Pelas três da madrugada, encerram a jogatina, esvaziam as garrafas de vinho e se despedem do anfitrião, Cesare Fieri. Estava terminada mais uma reunião da sociedade conhecida à socapa como “La mano nera”, que mantinha os italianos e descendentes, residentes em Itaqueripe, sob forte pressão, intimidando-os e extorquindo-lhes dinheiro,

— Hummm! Não estou vendo ninguém por perto. — Diz Tom, ao se aproximarem da Ponte. — As putas ainda tão dormindo, as casas todas fechadas.

— Veja, lá em baixo: tem um camarada escondido. — O soldado, sentado no banco traseiro, aponta para a sombra da ponte.

— Ninguém quer aparecer, Tom. Pode ser um crime e têm medo de serem envolvidas.— Explica Douglas.

Descem pelo barranco que vai da rua de terra ao leito do córrego. A figura sob a ponte se mostra, assim que os quatro se aproximam.

— Quinzim, que tá fazendo aqui?

— Eu que vi primeiro o homem aí e avisei dona Frida.

— É um homem — Diz Galdino, um dos praças, assim que viram o cadáver de costas..

— Puxa, como está deformado

— Mas...é o Zio Giordano! — Tom é o primeiro a identificar o morto. — O dono da joalheria..

— Providenciem um lençol ou cobertor para colocarmos o homem. — Davante determina aos dois soldados, que saem correndo em direção da casa de Frida.

— Sem dúvida. É o velho Italiano. – concorda Davante. — Mas como está machucado!

— Suicídio? — pergunta Tom.

— Pouco provável. Pode ter sido acidente. — responde Davante, falando como que para si mesmo. — Ou assassinato.

Davante lembra as duas visitas que recebera recentemente do italiano. Parece que ele queria lhe dizer alguma coisa, revelar algum segredo, mas em ambas as ocasiões retirara-se da delegacia sem revelar nada.

Será que ele estaria sendo ameaçado? Quem sabe, a Mão Negra estaria por trás disso tudo. — pensa o delegado.

Ainda não são nove horas e alguns curiosos se aproximam e chegam até a ponte. Lá de cima, observam quando chegam os soldados com um lençol, que estendem quase ao lado do cadáver. Com pouco esforço, os quatro homens colocam o cadáver de costas sobre o lençol,

As feições do velho italiano são reconhecíveis, apesar dos hematomas, manchas roxas e um afundamento na testa.

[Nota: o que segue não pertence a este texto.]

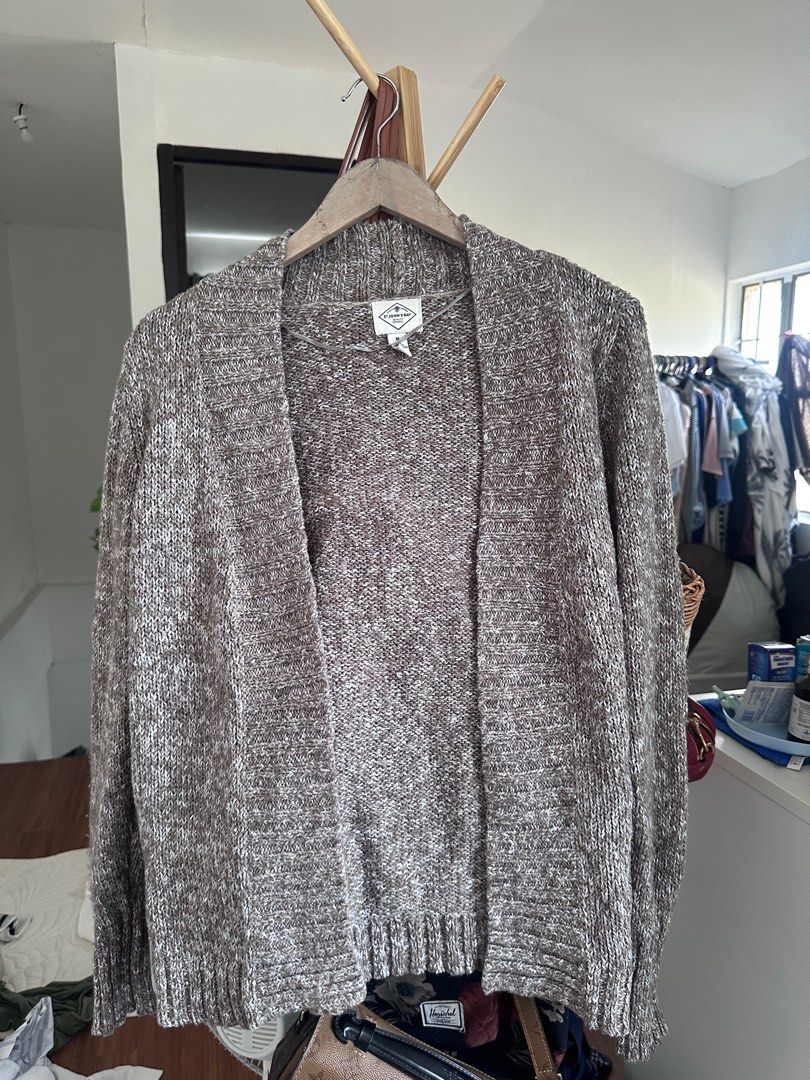 Brown cardigan (Category: Coats, Jackets and Outerwear) located in Cabuyao City. Submitted by mgcleaned (Listing ID 1379007221, Image 1). Description: In very good condition fits M-L .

— Parece que levou uma surra. Que covardia!

— É mesmo, um homem tão pacato.

— As roupas estão rasgadas.

— Cadê os sapatos?

Davante ajoelha-se cuidadosamente e inicia uma busca na roupas. O corpo é pequeno, pois quando vivo Zio Giovani não media mais que um metro e sessenta. Magro, a cabeleira branca e rala, estendido sobre o lençol que já está molhado, mais parecia um garoto, um menino de cabelos claros.

— Nenhum documento, nada nos bolsos. Nem dinheiro. — Observa um rasgão na camisa, através do qual vê uma pequena ferida no tórax.

Opa! Um corte bem na altura do coração. — Pensa Davante

Passa a mão sobre o ferida, nada mais que um corte de dois centímetros, de bordas precisas. Ao seu lado,Tom observa.

— Feito com instrumento afiado. Um punhal, uma faca bem fina... — fala Douglas, num cochicho.

— Ou um estilete.— completa Tom Lima.

— Que a morte não é acidental nem foi suicídio, está claro. = Davante comenta com o amigo. Os dois estão no jipe, voltando à delegacia, e discutem o caso.

— Um assassinato, então? — Tom indaga, querendo afirmar.

— O velho comerciante italiano aparentemente não tinha inimigos.

— Só vivia esfregando a barriga no balcão, era da loja para a casa, nos fundos do estabelecimento. Viúvo e sem filhos, vivia sozinho na enorme casa.

— E a arma do crime?

— Ah! A arma do crime... Segundo o médico legista, para atingir o coração fazendo um corte tão pequeno, quase invisível, só pode ser mesmo um estilete. Uma busca foi dada nas margens e no leito do Córrego Lava-pés da ponte para cima, até uns duzentos metros. Nada foi encontrado.

— Um estilete...estilete... — Tom repete obsessivamente. — Não sei onde já vi um estilete

— Aqui em Itaqueripe?

— Sim...acho que sim. Vou dormir com essa pergunta na cabeça e amanhã lhe direi.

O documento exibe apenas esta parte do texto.